Many a student of cosmology reels at the idea of the universe squeezed into a tiny dense point. How could all the matter (and space!) of the known universe be condensed into such a point? There is just too much of it! Our student is not bemused by another feat of condensation: placing all the particles of an object into close proximity and witnessing drastic downsizing. We are told that most of the atom is empty space with electrons and protons set widely apart, so if you eliminate the space the object shrinks dramatically (I remember reading that if you did this to the earth it would be the size of an orange). But this doesn’t help with the kind of cosmic compression envisaged in the big bang theory (or what I prefer to call the hot speck theory): for placing all the elementary particles of the universe next to each other would still produce a very large object (the size of the Sun, say). So how are we to understand the physics of that original tiny dot? How is such a thing possible? How can you cram that much matter into so small a space?

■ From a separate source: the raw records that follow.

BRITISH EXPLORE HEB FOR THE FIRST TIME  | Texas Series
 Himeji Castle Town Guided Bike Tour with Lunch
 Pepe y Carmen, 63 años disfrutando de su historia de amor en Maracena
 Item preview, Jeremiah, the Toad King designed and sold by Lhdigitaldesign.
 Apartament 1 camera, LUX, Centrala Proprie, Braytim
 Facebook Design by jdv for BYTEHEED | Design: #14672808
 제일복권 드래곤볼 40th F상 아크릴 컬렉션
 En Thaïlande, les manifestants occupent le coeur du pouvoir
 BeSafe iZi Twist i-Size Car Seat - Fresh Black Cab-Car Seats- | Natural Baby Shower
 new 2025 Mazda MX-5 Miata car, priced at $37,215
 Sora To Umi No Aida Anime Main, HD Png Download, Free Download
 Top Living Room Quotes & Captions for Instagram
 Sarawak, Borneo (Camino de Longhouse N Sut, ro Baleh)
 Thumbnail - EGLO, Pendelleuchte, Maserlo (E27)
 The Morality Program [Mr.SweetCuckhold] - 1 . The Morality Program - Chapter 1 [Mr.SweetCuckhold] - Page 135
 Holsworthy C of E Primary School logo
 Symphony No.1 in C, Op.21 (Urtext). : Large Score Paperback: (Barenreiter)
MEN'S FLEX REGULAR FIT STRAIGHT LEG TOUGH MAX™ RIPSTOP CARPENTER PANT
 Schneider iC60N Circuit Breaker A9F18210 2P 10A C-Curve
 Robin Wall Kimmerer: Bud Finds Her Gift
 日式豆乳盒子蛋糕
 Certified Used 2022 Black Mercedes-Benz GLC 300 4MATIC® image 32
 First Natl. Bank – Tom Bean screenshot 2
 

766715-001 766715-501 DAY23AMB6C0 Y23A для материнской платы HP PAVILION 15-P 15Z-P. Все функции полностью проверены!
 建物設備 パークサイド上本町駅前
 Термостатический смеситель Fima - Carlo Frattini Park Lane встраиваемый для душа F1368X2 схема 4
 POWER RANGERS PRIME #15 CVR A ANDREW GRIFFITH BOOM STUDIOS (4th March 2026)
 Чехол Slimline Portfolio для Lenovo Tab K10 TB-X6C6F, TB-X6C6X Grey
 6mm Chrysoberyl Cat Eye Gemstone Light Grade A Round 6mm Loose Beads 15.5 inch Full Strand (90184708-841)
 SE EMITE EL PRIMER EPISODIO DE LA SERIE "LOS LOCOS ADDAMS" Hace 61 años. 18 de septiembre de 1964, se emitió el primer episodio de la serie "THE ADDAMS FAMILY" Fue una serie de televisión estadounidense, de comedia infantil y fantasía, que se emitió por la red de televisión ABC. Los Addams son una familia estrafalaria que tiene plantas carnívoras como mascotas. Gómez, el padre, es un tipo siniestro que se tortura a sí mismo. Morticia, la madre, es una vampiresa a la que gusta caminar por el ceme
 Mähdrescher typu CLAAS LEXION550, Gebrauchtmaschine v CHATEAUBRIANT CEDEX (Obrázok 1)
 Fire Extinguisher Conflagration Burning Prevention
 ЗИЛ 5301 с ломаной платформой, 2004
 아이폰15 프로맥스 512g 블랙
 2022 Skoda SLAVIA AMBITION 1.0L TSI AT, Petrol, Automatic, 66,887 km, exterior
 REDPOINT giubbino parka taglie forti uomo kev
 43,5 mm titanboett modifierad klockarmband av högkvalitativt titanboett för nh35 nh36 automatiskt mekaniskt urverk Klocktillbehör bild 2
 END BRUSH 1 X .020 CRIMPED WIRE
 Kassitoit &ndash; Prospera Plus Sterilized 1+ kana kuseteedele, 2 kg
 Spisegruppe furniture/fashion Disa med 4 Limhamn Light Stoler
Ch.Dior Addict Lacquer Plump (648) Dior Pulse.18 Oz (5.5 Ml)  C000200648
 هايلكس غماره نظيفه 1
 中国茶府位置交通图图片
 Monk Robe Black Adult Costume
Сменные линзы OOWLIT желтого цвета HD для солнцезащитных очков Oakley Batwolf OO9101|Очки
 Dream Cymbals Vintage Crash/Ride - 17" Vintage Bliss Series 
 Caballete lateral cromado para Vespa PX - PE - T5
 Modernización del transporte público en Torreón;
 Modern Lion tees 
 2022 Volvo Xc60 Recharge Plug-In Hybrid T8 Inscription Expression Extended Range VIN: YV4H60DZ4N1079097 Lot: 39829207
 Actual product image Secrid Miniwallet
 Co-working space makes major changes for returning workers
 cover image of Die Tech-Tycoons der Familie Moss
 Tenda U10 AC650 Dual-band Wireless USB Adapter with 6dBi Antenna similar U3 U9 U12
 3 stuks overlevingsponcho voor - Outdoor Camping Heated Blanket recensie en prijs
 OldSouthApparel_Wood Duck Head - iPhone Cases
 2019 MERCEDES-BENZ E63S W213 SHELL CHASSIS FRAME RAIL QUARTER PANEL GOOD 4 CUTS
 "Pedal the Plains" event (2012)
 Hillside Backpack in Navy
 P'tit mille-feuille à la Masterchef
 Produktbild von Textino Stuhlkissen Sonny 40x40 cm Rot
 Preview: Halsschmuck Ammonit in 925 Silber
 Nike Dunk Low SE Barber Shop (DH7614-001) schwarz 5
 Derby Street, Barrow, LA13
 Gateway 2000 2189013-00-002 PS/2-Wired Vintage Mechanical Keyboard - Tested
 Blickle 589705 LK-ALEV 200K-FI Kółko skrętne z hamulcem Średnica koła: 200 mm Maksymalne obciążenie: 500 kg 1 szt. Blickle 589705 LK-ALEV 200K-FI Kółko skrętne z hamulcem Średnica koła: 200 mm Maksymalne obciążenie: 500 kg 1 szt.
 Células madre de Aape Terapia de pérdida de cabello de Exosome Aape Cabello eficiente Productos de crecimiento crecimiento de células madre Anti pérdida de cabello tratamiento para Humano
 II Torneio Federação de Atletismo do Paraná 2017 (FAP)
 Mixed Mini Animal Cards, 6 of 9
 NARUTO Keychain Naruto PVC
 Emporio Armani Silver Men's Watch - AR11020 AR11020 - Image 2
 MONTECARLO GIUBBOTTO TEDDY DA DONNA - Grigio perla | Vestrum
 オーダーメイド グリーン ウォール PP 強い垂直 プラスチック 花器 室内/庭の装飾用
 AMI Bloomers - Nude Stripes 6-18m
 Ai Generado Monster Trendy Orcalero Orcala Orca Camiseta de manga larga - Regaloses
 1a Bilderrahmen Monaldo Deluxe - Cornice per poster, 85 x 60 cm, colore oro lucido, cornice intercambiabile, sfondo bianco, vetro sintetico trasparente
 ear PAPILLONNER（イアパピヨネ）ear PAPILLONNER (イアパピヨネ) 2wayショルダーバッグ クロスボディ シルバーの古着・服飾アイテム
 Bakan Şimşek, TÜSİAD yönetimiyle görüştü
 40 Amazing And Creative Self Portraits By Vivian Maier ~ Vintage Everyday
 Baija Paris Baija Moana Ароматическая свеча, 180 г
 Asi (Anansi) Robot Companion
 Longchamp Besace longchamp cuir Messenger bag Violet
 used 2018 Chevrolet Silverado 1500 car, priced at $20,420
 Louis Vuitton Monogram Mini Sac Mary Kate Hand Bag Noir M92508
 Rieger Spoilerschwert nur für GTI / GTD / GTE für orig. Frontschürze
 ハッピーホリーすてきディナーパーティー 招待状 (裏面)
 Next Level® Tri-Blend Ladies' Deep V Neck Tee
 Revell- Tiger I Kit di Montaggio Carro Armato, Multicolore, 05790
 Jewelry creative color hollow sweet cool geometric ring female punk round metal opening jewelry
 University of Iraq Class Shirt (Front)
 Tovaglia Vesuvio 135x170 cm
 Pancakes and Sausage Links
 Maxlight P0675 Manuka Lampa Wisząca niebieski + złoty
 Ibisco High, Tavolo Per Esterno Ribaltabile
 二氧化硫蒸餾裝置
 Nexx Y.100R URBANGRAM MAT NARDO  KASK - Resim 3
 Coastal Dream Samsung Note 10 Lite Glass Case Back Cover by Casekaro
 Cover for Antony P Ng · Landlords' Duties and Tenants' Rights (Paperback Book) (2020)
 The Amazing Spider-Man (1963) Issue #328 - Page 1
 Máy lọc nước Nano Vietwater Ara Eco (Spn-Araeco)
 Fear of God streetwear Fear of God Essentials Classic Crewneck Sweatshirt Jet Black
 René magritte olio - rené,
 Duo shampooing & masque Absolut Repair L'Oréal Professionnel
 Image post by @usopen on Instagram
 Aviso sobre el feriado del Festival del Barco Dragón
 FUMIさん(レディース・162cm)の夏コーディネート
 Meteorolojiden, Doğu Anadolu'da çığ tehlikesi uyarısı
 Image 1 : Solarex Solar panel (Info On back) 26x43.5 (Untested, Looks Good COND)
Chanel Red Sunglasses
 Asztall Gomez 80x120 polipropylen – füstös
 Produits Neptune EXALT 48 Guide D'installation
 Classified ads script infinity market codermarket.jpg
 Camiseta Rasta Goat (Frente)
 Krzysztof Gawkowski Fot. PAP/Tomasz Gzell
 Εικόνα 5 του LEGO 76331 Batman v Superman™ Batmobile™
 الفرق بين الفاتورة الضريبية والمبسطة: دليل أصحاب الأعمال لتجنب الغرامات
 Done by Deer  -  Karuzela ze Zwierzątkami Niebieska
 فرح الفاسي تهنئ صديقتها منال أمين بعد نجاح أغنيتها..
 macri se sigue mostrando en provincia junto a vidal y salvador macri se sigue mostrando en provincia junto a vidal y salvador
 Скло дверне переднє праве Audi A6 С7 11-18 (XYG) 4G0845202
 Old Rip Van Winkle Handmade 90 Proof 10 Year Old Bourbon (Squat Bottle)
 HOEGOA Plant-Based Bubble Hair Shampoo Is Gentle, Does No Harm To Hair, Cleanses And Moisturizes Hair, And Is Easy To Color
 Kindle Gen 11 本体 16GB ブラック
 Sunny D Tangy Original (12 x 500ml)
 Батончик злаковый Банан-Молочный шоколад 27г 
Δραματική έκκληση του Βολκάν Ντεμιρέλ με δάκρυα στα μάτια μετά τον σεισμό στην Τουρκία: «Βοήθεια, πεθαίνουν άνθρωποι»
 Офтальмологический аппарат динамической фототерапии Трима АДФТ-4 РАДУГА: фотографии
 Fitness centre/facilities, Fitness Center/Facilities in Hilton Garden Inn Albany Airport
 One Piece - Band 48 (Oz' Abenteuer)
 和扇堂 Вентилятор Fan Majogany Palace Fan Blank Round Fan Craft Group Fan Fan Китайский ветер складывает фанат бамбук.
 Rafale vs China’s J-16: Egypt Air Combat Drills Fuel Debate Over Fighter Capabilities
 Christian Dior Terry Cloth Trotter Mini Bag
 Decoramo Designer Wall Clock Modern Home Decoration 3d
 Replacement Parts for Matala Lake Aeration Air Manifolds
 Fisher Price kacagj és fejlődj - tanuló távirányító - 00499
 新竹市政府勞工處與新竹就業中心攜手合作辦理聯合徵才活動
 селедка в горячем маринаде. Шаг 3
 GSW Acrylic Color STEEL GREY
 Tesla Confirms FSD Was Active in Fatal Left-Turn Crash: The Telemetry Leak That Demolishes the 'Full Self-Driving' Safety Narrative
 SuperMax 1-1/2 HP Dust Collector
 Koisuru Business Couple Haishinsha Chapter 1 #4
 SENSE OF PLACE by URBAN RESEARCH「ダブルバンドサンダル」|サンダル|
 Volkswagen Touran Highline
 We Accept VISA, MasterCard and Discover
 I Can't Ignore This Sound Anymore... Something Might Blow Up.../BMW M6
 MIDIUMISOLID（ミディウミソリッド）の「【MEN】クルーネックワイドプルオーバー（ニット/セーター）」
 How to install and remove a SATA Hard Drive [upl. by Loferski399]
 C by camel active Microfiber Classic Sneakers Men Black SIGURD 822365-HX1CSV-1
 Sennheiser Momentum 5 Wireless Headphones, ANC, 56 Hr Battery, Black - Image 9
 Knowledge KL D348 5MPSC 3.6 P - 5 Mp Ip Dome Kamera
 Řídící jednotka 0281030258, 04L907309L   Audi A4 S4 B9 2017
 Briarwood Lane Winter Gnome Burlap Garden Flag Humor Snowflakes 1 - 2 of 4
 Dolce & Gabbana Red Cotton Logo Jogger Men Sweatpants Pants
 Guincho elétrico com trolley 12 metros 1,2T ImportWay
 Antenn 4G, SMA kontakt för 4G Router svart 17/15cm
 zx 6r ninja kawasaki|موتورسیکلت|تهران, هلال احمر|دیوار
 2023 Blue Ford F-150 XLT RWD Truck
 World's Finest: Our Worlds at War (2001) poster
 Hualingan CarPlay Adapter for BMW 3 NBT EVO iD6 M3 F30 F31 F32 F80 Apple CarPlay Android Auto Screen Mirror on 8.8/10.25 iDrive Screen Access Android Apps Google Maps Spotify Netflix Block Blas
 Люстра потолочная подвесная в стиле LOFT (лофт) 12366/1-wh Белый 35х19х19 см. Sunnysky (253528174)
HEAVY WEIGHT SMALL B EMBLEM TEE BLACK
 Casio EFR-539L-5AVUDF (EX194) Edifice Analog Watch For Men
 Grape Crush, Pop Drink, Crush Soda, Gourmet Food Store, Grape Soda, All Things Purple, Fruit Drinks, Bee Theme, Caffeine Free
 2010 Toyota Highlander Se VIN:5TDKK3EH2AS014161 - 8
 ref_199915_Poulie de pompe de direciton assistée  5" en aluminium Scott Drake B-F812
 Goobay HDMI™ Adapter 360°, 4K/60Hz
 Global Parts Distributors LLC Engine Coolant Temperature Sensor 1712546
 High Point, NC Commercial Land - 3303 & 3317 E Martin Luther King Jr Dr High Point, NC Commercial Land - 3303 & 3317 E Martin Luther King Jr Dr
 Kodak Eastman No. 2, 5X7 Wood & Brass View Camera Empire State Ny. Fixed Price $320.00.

As I understand it (I am no expert), we are to drop the idea of matter altogether and replace it with energy: that is, we are not postulating a cramming together of material particles such as electrons and protons. Such entities did not exist at the time the universe was so compressed; they came into existence only as the original stuff cooled down (like space itself). Instead we are to envisage a point of extremely high energy sans matter. From this concentrated energy matter is thought to have emerged, by the equivalence of matter and energy in physics. Energy converted to matter in the big bang; it isn’t that the matter already existed then in a highly compressed form with all the particles jammed tightly together. And energy is not something that needs to take up space according to its intensity: you can increase the energy of an object without increasing the volume it occupies. A hotter thing is not necessarily a bigger thing. Suppose we think of energy as oscillatory motion: the more rapid the oscillations the greater the energy. Then energy (motion) can increase indefinitely while not taking up more space. Suppose we say that all the energy of the universe can be condensed into a tiny spot: that occasions no conceptual recoil in our keen student, because it just means that we can envisage a very high degree of energy contained in a small area. Energy has no spatial dimensions; it is, as physicists say, just “work done” (or the potential for such work). So there should be no conceptual difficulty in the idea of a speck with the energy levels of the whole universe; we are not being asked to cram particles into a tiny space. The theory is that this concentrated energy can be converted into particulate matter; it isn’t that all the particulate matter of the universe can be crammed into a tiny spot. That conversion may be conceptually troublesome (though a truism of current physics), but the idea of near-infinite levels of energy in a tiny area is not. The universe as it now exists doesn’t contain such high-energy spots (except perhaps in back holes, and hence not observable by us), but theoretically energy can be raised to arbitrarily high levels without violating any basic principles of matter and space. That is, the hot speck could be incredibly hot without ceasing to be tiny.
So we needn’t be fazed by the idea of a tiny speck containing (potentially!) all the matter of the universe in virtue of its extremely high energy level. This is good to know because we don’t want the universe beginning in a paradox. 
 This is my attempt to make sense of what has long troubled me and troubles many people. I don’t believe I have ever read an exposition of big bang theory that puts things quite this way, but it seems to correspond to the underlying idea (I may be wrong, though).